Artificial: This includes light that you have brought into the situation. It is not dependent on weather or time of day. You have complete control and are able to recreate the same look no matter where you are.

Under the umbrella of “Artificial Lights,” there are:

Continuous Lights: The light stays on and allows the photographer to visualize exactly how the light will fall on the subject (whether it’s a person or an object) before they take the photo. This provides the opportunity to manipulate your settings ahead of time. I use these kinds of lights to avoid uncomfortable flashes on my client, because they close the subjects’ pupils to show more of their eyes, and because they mimic daylight.

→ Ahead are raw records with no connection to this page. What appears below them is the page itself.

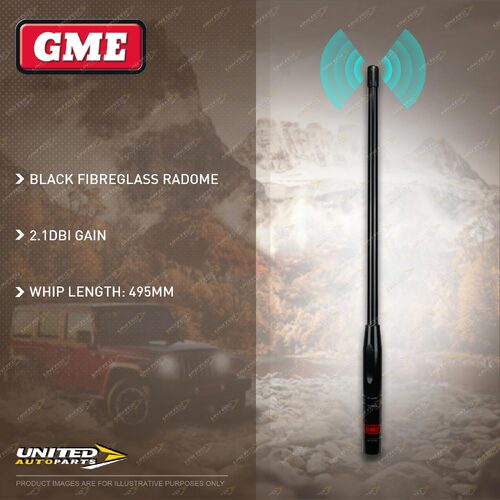 GME 495mm 2.1DBI Gain Black Antenna Whip Suit AS-SS001B 580mm UHF CB Antenna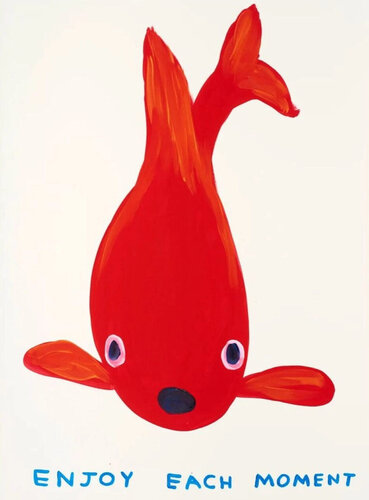 Enjoy Each Moment ( Gold Fish, Red) van David Shrigley, Afdruk te koop op Singulart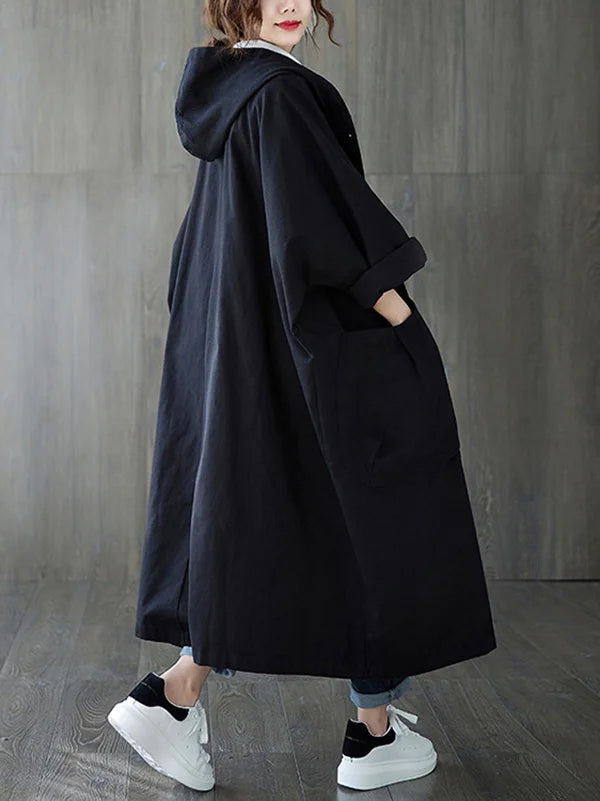 Waterdichte Jas - Lange oversized regenjas met capuchon voor dames-Boutique Moda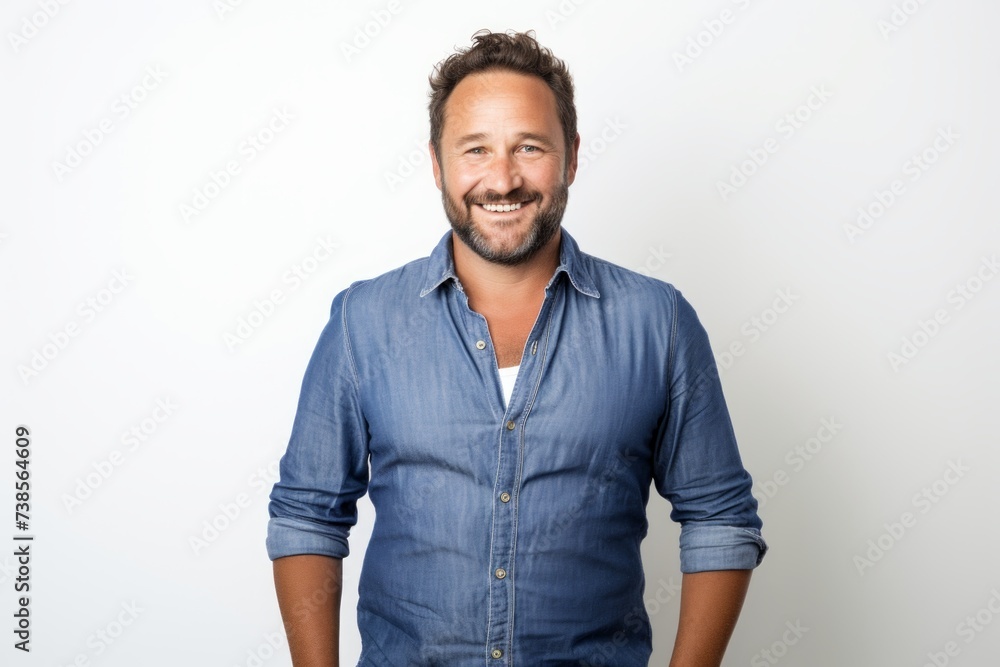 Portrait of a handsome man smiling at the camera while standing against white background Portrait of a handsome man smiling at the camera while standing against white background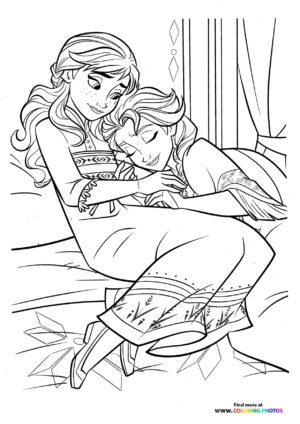 Elsa hugging Anna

Strobe Lights: This kind of light flashes as you take the photo. As opposed to continuous lighting, you will not see how the image will be captured until you generate the flash. However, they offer extremely powerful light and are often more portable than continuous lights. 

Two kinds of strobes:

Speedlight: These are external flash units that can either be attached to your camera or separate from it. They are Immensely powerful and the large amount of light that they emit provides for more freedom in your aperture and ISO settings.

Monolight: Even more powerful than speedlights, these are self-contained, using their own power sources, reflectors, and stands. They can be used both in the field and in the studio.


Additional Components:

In addition to the lights themselves, you’ll want to have a selection of light modifiers. These include umbrellas, softboxes, and reflectors and serve to increase the size of your light source as well as direct it.

Softboxes: These are devices made of a lightweight material that surround the light source, providing diffused light over the subject. The larger the softbox, the softer the light. 

Umbrellas: These bounce the light in alternate directions as opposed to allowing the light to directly hit the subject. This creates a more diffused look and spread the light so that it covers more area. 

Reflectors: A tool that reflects light into darker areas, removing shadows and harsh edges. 

A few considerations to make when selecting and setting up your lighting:

Hard light vs. Soft light: Hard light creates shadows that will have harder edges and adversely, soft light creates diffused shadows with softer edges. The smaller the light source, the harder the light and vice versa.

Color Temperature: Every light source has its own color temperature, measuring from warm to cool. Be sure to always set your white balance before a shoot

Recharging/Recycling Time: This is the amount of time needed for a strobe light to recharge itself after a photo is taken and before taking the next. The lower recycle time, the better.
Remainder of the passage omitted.